Henry Sidgwick, Nora's husband, pursued his studies of the supernatural in part because he feared living in a "non-moral universe." "Without religion," as Blum puts it, "without a Deity promising punishment and reward -- Sidgwick wondered what would bind people to principles of honor and decency." His co-founder, Frederic Myers, harbored a desperate, lifelong love for a woman who had committed suicide, and much of the "evidence" he recorded later on involved communications with her from beyond the grave. (His wife, who only learned of this after his death, refused to allow anything about it to be published.) When the fate of the human race or your own poor broken heart hangs in the balance, it's hard to be objective about anything.
It's also hard to puzzle through the evidence for yourself when by necessity so much is left out of "Ghost Hunters." As a rule, uncanny true stories become less and less astonishing the more you learn about them. Even the SPR is a little whitewashed here. Blum makes no mention of the notorious Ballechin House affair, which occurred during the period she covers in her book. In that fiasco, some society members rented what was reputedly "the most haunted house in Scotland." During the course of their stay, one excitable lady claimed to see apparitions of nuns on the property (not usually part of the house's reputed hauntings, but spectral nuns are a common fixture in British ghost stories). Doubt was cast on her reports and later the whole expedition was ridiculed by one of the participants in the London Times.
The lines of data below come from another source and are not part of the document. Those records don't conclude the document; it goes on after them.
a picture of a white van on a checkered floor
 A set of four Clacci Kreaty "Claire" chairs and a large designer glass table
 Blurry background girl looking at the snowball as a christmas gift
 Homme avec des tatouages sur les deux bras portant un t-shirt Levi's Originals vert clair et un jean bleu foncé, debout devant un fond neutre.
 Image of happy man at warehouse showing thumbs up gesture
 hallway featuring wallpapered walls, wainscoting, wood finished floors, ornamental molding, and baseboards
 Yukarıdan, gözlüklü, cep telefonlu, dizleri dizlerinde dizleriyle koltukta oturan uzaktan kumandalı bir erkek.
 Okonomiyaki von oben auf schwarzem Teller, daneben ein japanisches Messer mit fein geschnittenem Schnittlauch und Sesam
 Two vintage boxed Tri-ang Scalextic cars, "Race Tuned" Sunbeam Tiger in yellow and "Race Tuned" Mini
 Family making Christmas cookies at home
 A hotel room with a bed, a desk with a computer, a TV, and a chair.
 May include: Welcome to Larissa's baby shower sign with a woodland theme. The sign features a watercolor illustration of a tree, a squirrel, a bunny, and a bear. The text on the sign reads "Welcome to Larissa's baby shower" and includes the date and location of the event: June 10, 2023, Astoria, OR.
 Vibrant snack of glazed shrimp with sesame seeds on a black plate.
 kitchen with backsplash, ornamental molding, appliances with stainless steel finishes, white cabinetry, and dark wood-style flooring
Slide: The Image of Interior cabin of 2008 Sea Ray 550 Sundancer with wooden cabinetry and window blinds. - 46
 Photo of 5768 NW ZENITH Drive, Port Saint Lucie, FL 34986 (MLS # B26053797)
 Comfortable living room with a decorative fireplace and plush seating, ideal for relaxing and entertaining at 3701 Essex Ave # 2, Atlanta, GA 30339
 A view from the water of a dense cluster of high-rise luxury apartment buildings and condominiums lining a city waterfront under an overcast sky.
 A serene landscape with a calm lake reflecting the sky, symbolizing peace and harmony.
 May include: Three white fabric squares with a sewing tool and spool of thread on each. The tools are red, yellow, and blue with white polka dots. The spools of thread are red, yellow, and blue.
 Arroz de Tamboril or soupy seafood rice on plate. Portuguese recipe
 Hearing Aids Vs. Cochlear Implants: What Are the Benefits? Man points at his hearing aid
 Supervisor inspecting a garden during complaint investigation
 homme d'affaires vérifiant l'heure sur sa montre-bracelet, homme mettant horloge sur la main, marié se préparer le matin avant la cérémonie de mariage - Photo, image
The Society for Psychical Research wasn't fatally damaged by these and other scandals. In fact, it continues to this day, and counts luminaries such as philosopher Henri Bergson and British Prime Minister A.J. Balfour among its former presidents. Yet somehow, it hasn't gotten any closer to its goal or to achieving scientific respect. (The problem that the phenomena it studies can't be reliably replicated is, as Blum notes, the chief stumbling block.) James believed this was because "nature is everywhere gothic, not classic. She forms a real jungle, where all things are provisional, half-fitted to each other and untidy." Later, he declared, "I may be dooming myself to the pit in the eyes of better-judging posterity; I may be raising myself to honor. I am willing to take the risk, for what I shall write is my truth, as I now see it."
It's easy to see this bravura stance as courageous when we know the defiant scientist is right -- and especially when he writes as well as William James, using rhetoric that calls up echoes of Galileo and Darwin. To my mind, the more appropriate coda is Leonora Piper's plain-spoken statement on the bizarre trances and cryptic utterances whose repercussions dominated her adult life: "My opinion is today as it was 18 years ago. Spirits may have controlled me and they may not. I confess that I do not know."